When distributing production across a WAN, it means that your NMOS registry needs to know about devices and flows available at multiple locations. The solution tends to be a multi-domain setup, where a registry is available at each location, and where an overarching broadcast controller is connected to each of those registries to control each individual device and flow.

NMOS for controlling network connections (IS-06)

To make sure that broadcast controllers can talk to network controllers and request connectivity in a standardized way, NMOS has created the IS-06 specification. It covers how to discover network resources, how using network resources can be authorized and secured and how to monitor usage.

The broadcast controller gets to know about the network topology from the network controller, and it can create, modify and delete flows as well as unicast and multicast receivers. Setting up flows also includes reserving network resources needed, such as bandwidth, and setting flow priorities.

Multiple broadcast controllers can connect to one single network controller and network fabric, allowing for multi-tenancy setups where a broadcast controller only has access to certain resources.

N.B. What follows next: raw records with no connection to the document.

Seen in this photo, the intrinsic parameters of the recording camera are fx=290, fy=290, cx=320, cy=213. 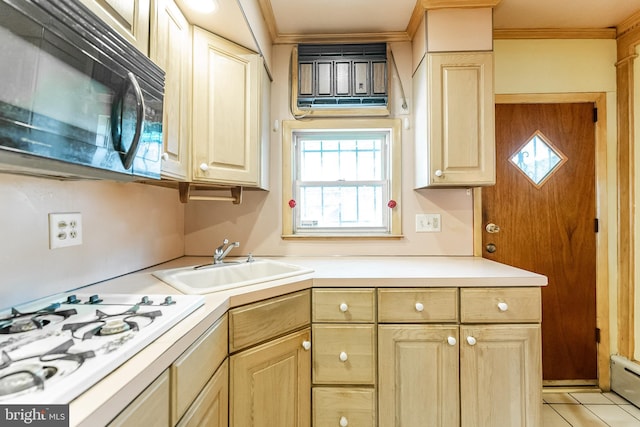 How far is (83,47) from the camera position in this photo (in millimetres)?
648

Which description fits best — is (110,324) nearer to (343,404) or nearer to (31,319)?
(31,319)

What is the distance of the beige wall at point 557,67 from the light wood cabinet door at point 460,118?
1.58 ft

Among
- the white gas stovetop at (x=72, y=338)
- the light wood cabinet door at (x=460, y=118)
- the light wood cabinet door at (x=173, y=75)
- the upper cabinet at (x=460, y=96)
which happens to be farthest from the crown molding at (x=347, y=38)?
the white gas stovetop at (x=72, y=338)

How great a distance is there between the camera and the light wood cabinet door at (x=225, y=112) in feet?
4.73

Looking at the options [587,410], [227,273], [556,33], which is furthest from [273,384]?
[556,33]

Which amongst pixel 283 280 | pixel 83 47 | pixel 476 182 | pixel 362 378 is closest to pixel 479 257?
pixel 476 182

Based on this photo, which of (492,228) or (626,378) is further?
(492,228)

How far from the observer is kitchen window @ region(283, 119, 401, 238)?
2033 millimetres

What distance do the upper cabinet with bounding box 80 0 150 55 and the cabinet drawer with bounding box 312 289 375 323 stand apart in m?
1.18

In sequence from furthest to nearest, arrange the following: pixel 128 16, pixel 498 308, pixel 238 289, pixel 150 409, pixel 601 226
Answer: pixel 601 226 < pixel 498 308 < pixel 238 289 < pixel 128 16 < pixel 150 409

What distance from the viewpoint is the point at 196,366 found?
83cm

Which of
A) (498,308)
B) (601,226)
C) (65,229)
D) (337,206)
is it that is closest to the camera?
(65,229)

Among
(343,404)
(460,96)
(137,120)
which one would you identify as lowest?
(343,404)

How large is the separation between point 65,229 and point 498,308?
182 centimetres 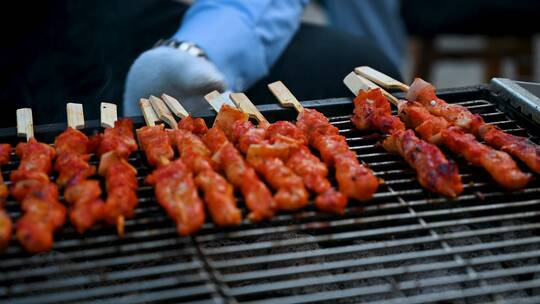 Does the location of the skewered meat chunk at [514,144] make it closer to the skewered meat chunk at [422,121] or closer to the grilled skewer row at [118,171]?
the skewered meat chunk at [422,121]

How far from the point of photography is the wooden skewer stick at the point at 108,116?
2539 millimetres

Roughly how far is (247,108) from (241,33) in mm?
1605

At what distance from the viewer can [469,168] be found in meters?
2.36

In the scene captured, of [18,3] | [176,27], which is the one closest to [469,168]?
[176,27]

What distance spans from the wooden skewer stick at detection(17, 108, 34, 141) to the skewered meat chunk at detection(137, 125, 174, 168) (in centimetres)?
45

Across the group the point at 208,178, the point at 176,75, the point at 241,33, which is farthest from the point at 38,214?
the point at 241,33

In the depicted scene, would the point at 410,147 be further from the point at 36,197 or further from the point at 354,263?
the point at 36,197

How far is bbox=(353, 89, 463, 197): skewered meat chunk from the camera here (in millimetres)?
2141

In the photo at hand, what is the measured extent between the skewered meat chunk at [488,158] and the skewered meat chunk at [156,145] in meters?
1.09

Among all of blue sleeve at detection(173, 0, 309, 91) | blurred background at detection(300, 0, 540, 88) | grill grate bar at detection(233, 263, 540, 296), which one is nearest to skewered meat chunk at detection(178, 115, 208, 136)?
grill grate bar at detection(233, 263, 540, 296)

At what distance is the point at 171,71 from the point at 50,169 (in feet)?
3.63

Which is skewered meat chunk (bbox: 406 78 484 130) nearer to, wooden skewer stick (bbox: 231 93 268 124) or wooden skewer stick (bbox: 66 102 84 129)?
wooden skewer stick (bbox: 231 93 268 124)

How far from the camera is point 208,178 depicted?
2.14 meters

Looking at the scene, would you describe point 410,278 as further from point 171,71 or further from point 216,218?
point 171,71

In a distributed environment you typically have one network controller per location, managing the local switch fabric. On top of this, for the WAN you will need a dedicated WAN controller, managing resources and bandwidth. To be able to use leased or shared infrastructure you need a WAN solution that can reserve bandwidth and isolate services end-to-end.


SMPTE 2110 is designed to support more flexible workflows than in the past. It does so by breaking apart audio, video and data into separate elementary streams. Streams that are timed and synchronized using the PTP protocol. It also manages challenges inherent with moving to IP, such as burstiness.

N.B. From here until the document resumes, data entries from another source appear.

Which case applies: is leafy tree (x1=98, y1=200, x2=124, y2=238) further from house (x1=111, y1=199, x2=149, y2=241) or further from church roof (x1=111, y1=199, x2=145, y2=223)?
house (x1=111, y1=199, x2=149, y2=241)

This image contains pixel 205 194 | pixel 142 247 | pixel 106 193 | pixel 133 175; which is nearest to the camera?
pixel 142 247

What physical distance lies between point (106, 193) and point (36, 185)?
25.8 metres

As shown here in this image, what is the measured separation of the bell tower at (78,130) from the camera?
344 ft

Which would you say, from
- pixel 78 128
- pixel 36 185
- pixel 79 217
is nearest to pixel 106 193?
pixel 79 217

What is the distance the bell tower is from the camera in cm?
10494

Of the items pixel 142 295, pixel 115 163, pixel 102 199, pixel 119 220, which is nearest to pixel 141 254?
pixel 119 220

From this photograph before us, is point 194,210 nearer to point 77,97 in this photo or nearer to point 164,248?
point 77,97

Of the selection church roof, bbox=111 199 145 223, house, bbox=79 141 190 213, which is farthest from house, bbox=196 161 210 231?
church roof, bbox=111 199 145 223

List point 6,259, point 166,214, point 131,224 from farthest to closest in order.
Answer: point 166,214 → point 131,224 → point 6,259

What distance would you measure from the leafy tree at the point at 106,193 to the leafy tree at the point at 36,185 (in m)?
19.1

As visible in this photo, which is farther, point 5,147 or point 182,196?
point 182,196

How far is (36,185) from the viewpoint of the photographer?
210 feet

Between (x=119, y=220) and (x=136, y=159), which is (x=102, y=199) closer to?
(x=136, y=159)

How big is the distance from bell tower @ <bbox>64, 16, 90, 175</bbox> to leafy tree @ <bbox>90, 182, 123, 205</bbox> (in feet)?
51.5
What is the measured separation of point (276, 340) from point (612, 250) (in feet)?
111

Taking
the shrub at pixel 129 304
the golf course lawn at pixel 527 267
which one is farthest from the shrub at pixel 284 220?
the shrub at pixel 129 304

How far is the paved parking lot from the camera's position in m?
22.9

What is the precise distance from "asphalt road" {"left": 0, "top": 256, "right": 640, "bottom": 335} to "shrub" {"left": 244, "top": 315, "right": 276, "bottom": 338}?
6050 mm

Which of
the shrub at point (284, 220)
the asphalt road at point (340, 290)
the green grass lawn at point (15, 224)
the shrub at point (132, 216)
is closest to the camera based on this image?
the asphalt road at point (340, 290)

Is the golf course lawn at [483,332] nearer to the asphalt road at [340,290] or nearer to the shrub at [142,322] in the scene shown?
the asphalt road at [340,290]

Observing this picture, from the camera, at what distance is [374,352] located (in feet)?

Its sibling, the NMOS specifications, describe how devices can detect each other and available streams, how they set up flows from sender to receiver and how a broadcast controller can manage network resources when needed.

And as outlined throughout this article, the shift from SDI to SMPTE 2110 does come with a set of challenges. Especially in wide area networks. Challenges which we will be looking closer at in the next post in this series on SMPTE 2110.





A suite of standards for handling digital media in an IP network. ST 2110 defines the separation of audio, video and ancillary data into elementary streams and is intended for used within broadcast production and distribution facilities

The Society of Motion Picture and Television Engineers is a global professional association of engineers, technologists, and executives working in the media and entertainment industry.


SMPTE 2110 is a standard designed for flexible workflows by breaking apart video, audio, and ancillary data for independent routing and processing.

SMPTE 2110 is video format agnostic, handling various formats like 720, 1080, 4K, and HDR in both compressed and uncompressed workflows.

NMOS specifications provide the control plane, managing device detection, stream availability, and connecting devices in ST 2110 infrastructures.

SMPTE 2110 uses PTP (IEEE 1588) for timing and synchronization, with metadata described using SDP and managed by NMOS specifications.

Challenges include ensuring PTP accuracy over longer distances and managing burstiness inherent in IP-based media data planes​​.